7. Give it time. Restoration is a long process. I remember wishing things would move more quickly – both the rebuilding and my recovery from my physical symptoms of stress. As the weeks and months dragged on, even a community member grew impatient, complaining to the Mayor that the construction was taking too long! In the end, I was displaced from my home for eight months, but it took much longer to feel whole again.

8. Be grateful. There are always things to be thankful for, even during a disaster. I am grateful that no one (people or pets) were injured in the fire. I’m grateful I didn’t have to escape a burning house. I’m grateful that a few precious items (like photos) were salvageable. I am grateful I had good insurance coverage and a great builder. I am grateful that my boss allowed me the time off I needed to recover. The list could go on and on.

9. Realize some things may remain a mystery. One of the first things people ask me about my fire is, “what caused it?” Though multiple agencies investigated, no official cause was ever found. While it’s nice to have answers to “what” or “why,” sometimes we just aren’t given them this side of heaven. I chuckle at the explanation one of my cousin’s young children provided. She said, “Maybe God just wanted to give her a new house!” While I doubt that was the purpose of the fire, I do believe it was allowed for a divine reason.

10. Keep looking up. In times of disaster, it’s essential to look above our circumstances to God, our greatest helper. Scripture reminds us that we do not need to fear sudden disaster, for the Lord will be at our side; He is an ever-present help in times of trouble; He promises to never leave nor forsake us; and He is in the business of bringing beauty out of ashes.

I can testify that these things are true, because He did all of them for me.

Whatever storms may sweep into your life, I pray that you will place your trust in the One who is able to help you through them.

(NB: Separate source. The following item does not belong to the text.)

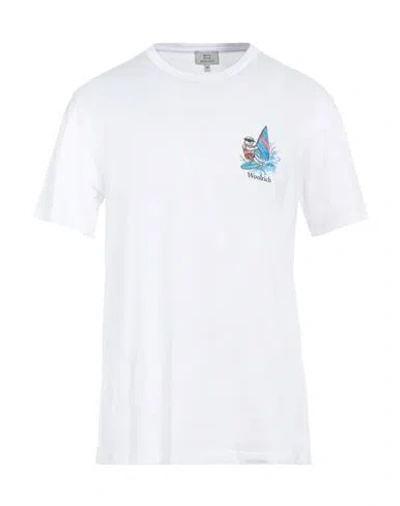 WOOLRICH WOOLRICH MAN T-SHIRT WHITE SIZE M COTTON
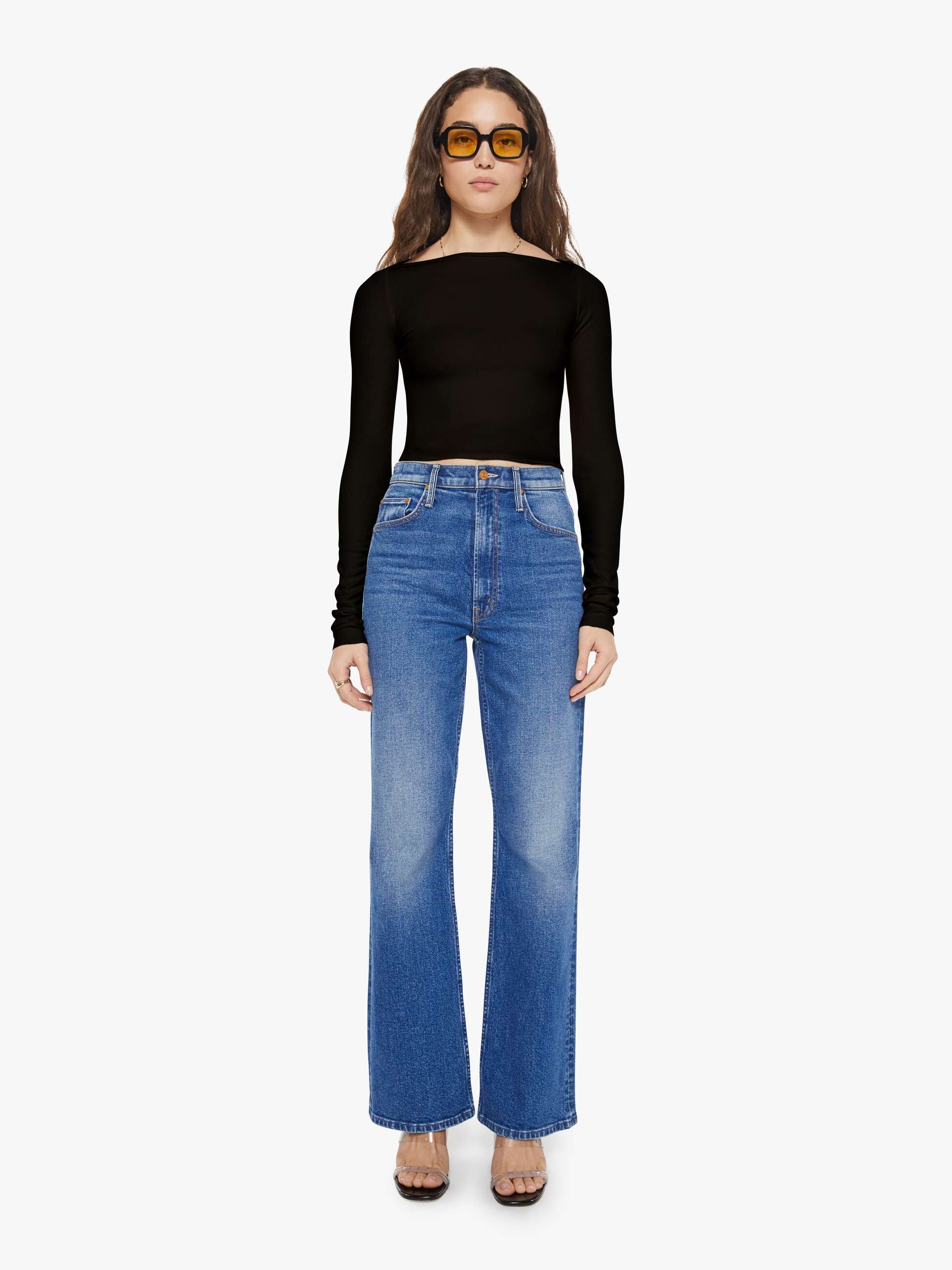 Mother Denim Eterne Long Sleeve Boatneck Top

[1] “Have no fear of sudden disaster or of the ruin that overtakes the wicked, for the Lord will be at your side and will keep your foot from being snared.” Proverbs 3: 25-26 (NIV)

[2] “God is our refuge and strength, an ever-present help in trouble.” Psalm 46:1 (NIV)

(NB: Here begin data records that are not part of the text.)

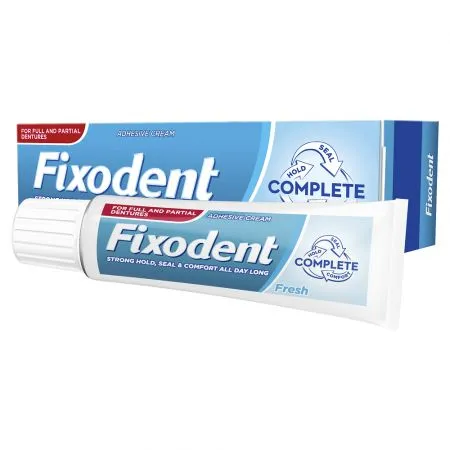 Crema adeziva pentru proteza dentara Fresh, 47 g, Fixodent Complete
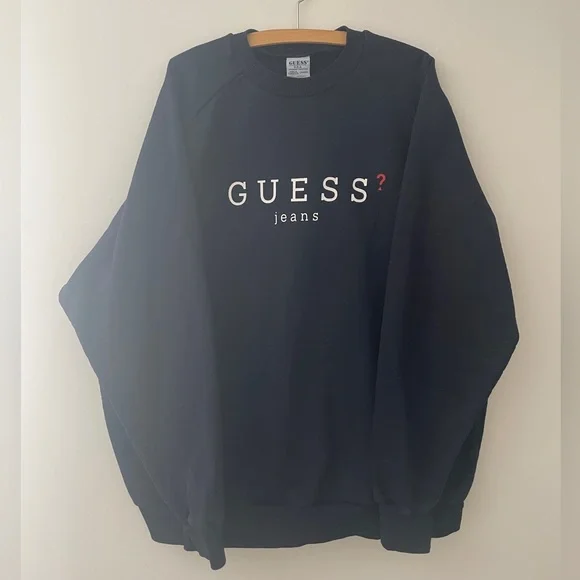 Vintage Unisex Guess ‘Made in Canada’ Oversized Crewneck Sweater - Picture 4 of 6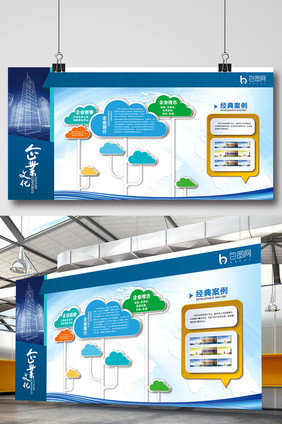 企业文化墙公司形象墙展板模板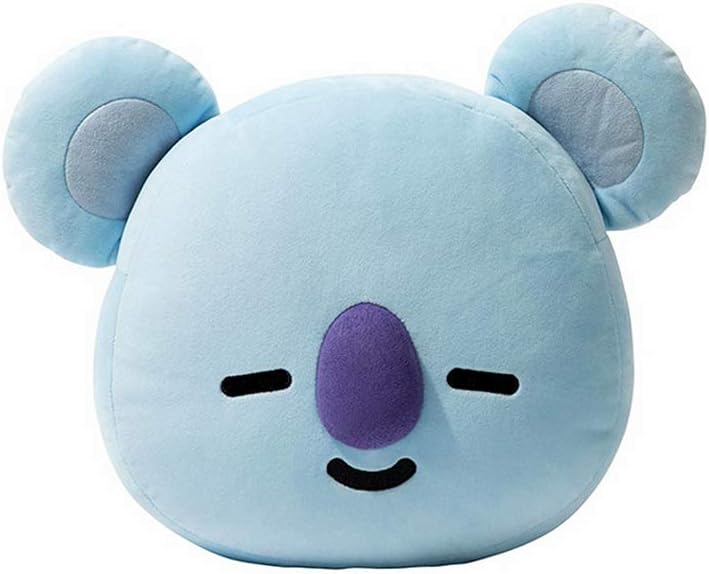 Cute Cartoon Throw Pillow Soft Plush Doll Toys Bulletproof Stuff Pillow Cushion (Koala, S)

[3] “ . . .He has said, “I will never leave you nor forsake you.” Hebrews 13:5 (NIV)

[4] “ . . . to bestow on them a crown of beauty instead of ashes, the oil of joy instead of mourning, and a garment of praise instead of a spirit of despair.” Isaiah 61:3 (NIV)


7 thoughts on “Recovering from sudden disaster

  1. My daughter went through difficult situation about a week ago. My grandson started a fire by accident in the apartment. My daughter tried to put the fire out, but got her hands burned and cut. I am so thankful that our great God was there. It could of been worse. My daughter will have scars on her hands from the fire that gave her 2nd degree burns for the rest of her life. I know God is using this situation to bring her to him. Sometimes I believe God allows bad things into our lives so we hopefully will learn good lessons.

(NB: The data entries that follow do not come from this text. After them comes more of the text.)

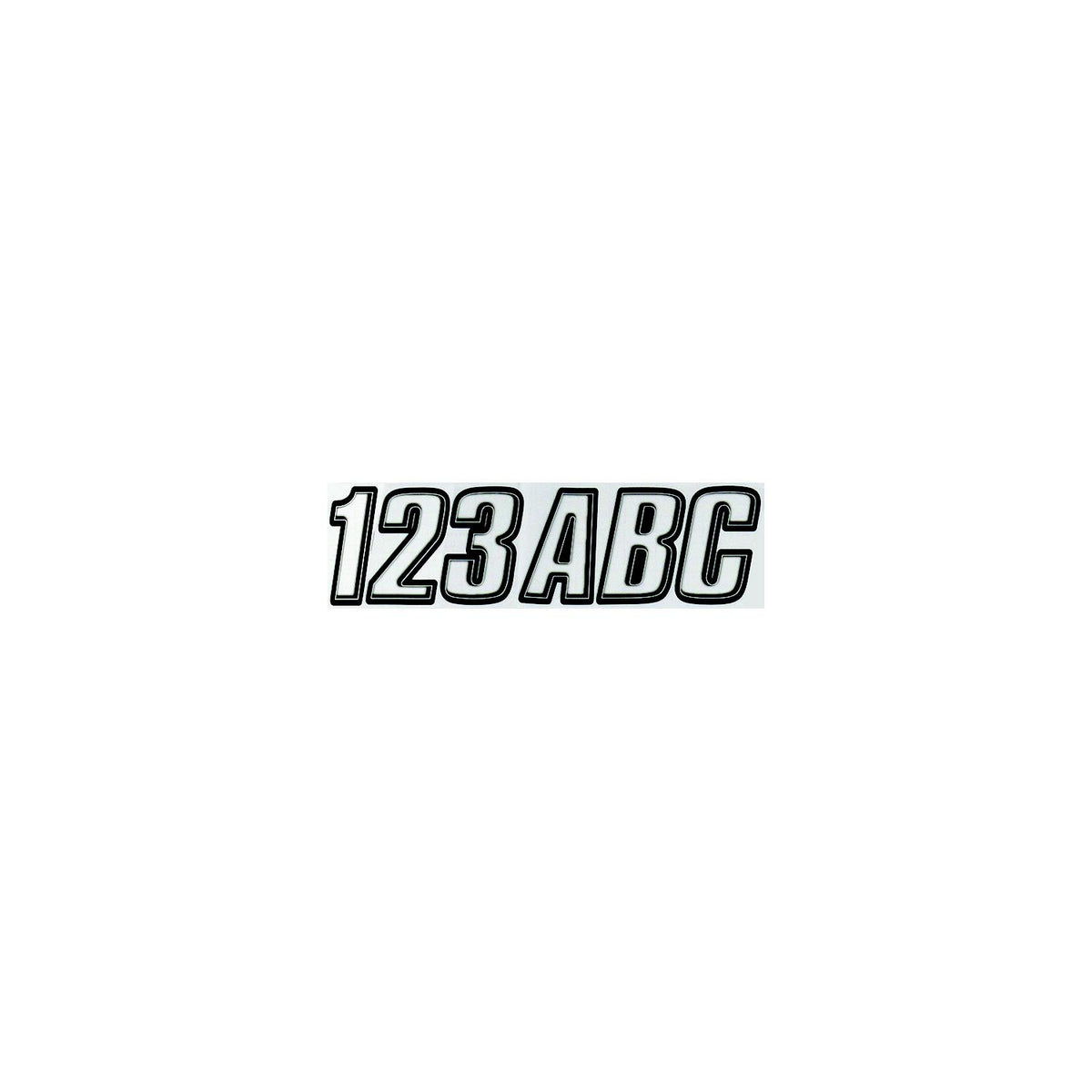 Hardline Series 800 Registration Kit, Block Style Solid Body With Bevel Effect, Contrasting Outline (Includes 4 Sets of 3″ A-Z, 0-9)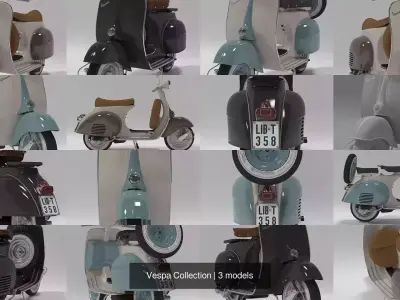 Vespa Collection 3D Model Pack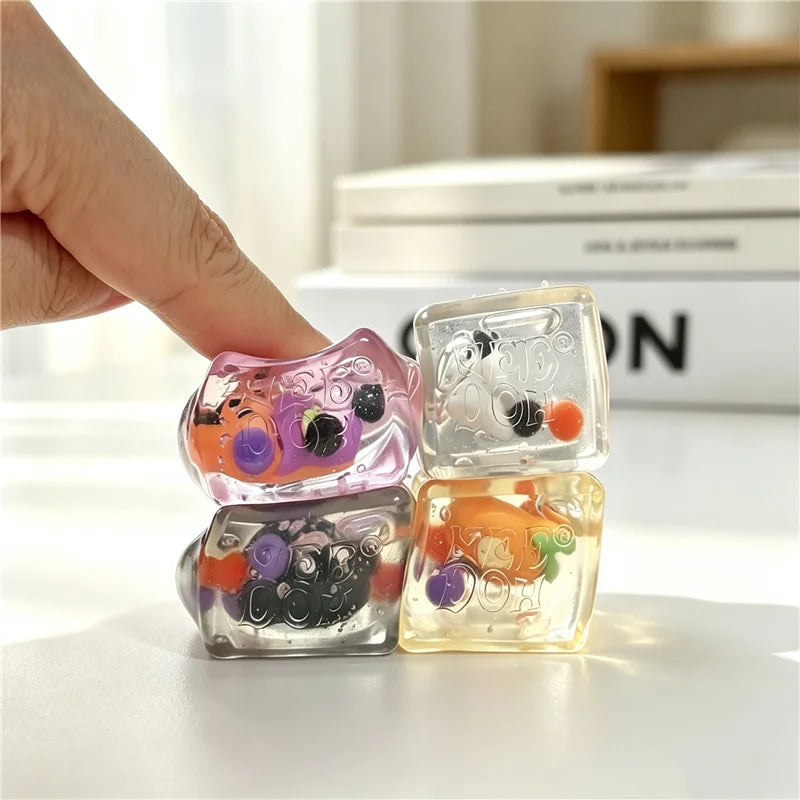 Needoh Halloween Teenie Mini Ice Cube 4Pack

  2. Cindy, I am so sorry to hear about your daughter’s injuries, but rejoice with you that it wasn’t worse. I pray that she will be drawn to the Lord.


  3. Thank you for sharing your insights Jane. So many people need to hear these words now. Natural disasters aside there are many hurting families affected by events like shootings. Our nation needs more prayer than it ever has. Only when people turn to the Lord and are changed by Him will there be lasting change in this country


  4. Yes, Julie, there are so many hurting people right now! When I posted this last Saturday, I had no idea there would be another national tragedy (the Las Vegas mass murders) the very next day. I pray that our nation and world will seek the Lord during these difficult times.


  5. Hi Jane, Thanks for continuing to share your life with us. Your experiences and gift of writing is definitely a blessing to us.


  6. Thank you for taking the time to comment! It’s always a blessing to hear that sharing my experiences has encouraged someone!